The bills are designed to amend two organic laws – the MP Election Act and the Political Parties Act – to reflect earlier constitutional changes to revive the two-ballot voting system and change the House’s composition to 400 constituency MPs and 100 party-list MPs.
The March 2019 general election used a single ballot to elect 350 constituency MPs and 150 party-list MPs.
Under the microscope
Of the 10 bills, four cover changes to the electoral law and six to the political party law.
The four electoral bills were drawn up separately by ruling coalition parties, the opposition camp, the opposition Move Forward Party, and the Election Commission (EC), which was submitted for parliamentary deliberation by the Cabinet.
The six political party bills were proposed separately by the EC, coalition parties, the opposition, opposition leader Pheu Thai, Move Forward, and the ruling Palang Pracharath Party.
Government whips have agreed that the coalition parties will base their amendments to the MP Election Act on the EC draft, according to Nikorn Chamnong, a senior whip from the coalition Chartthai Pattana Party.
Meanwhile, for the Political Parties Act, the government side will focus on the coalition parties’ amendment bill, not the EC draft. “The bill drafted by the EC and submitted by Cabinet does not cover all the necessary changes,” he explained.
Parliamentary readings of all 10 bills are due to be completed by August before any amendments are submitted for royal endorsement.
However, pessimistic analysts doubt any of the amendment bills will make it through all three readings.
From one ballot to two
Most observers, though, expect the amendments for the election of MPs and political parties to sail through Parliament, as their revisions are needed to comply with earlier changes made to the Constitution.
The new electoral system will be used in the next general election, which will come after the House completes its four-year term in March next year – unless Prime Minister Prayut Chan-o-cha opts for early dissolution.
Small and medium-size parties have opposed the two-ballot system, which they say is beneficial to bigger parties and damages their chances of winning constituency and party-list seats.
Many analysts reckon a large party like Pheu Thai has strong chance of winning by a landslide in the next general election. In the previous election, under the single-ballot system, Pheu Thai won plenty of constituencies but no party-list seats.
The revived two-ballot system is also expected to benefit the coalition Democrat Party. Through the dedicated party-list ballot, the Democrats should attract strong support from their loyal voters, observers say.
Pheu Thai’s draft bill seeks to amend the Political Parties Act so parties can accept advice from non-member outsiders — an offense that currently carries a penalty of disbandment.
The bill is aimed at “removing any ambiguity in the law”, Pheu Thai leader Chonlanan Srikaew said, though critics view it as paving the way for self-exiled former PM Thaksin Shinawatra to officially exert influence over the party. Thaksin’s recent moves have sparked several complaints that he is interfering in the party.
Analysts reckon that Pheu Thai’s amendment is unlikely to be approved by Parliament.
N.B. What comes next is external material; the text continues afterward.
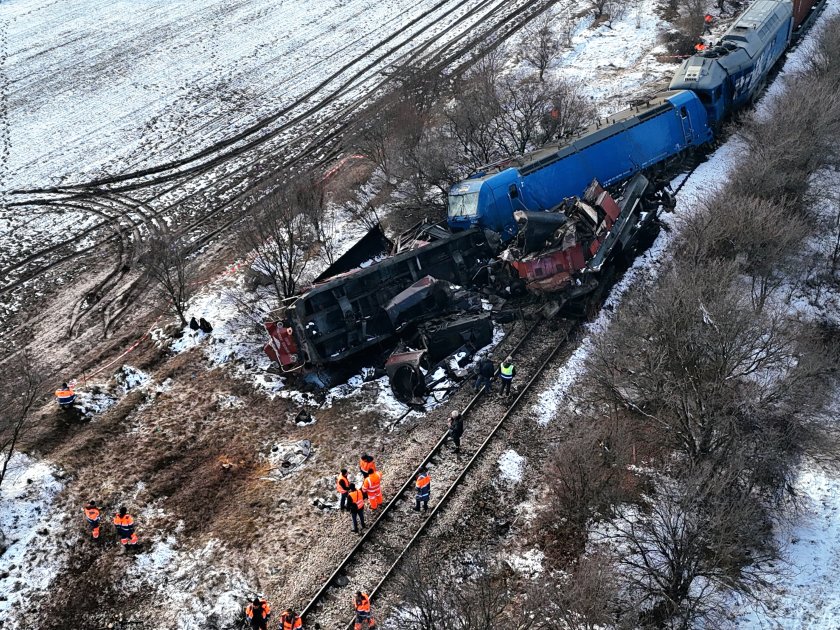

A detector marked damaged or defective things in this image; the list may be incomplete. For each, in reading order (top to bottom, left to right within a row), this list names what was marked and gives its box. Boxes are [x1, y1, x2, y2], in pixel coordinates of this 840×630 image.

damaged freight train [262, 175, 668, 402]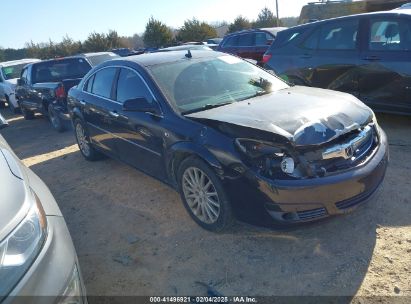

Universal candidacy number
On the election bill, parliamentary debate is expected to focus on whether each political party should be designated the same candidacy number for both party-list and constituency elections.
The EC’s draft does not require that every party get a single number for both party-list and constituency elections.
While using the same number for both systems would certainly be more convenient for voters, politicians view the matter in a different light, said Stithorn Thananithichot, director of the Office of Innovation for Democracy at King Prajadhipok’s Institute.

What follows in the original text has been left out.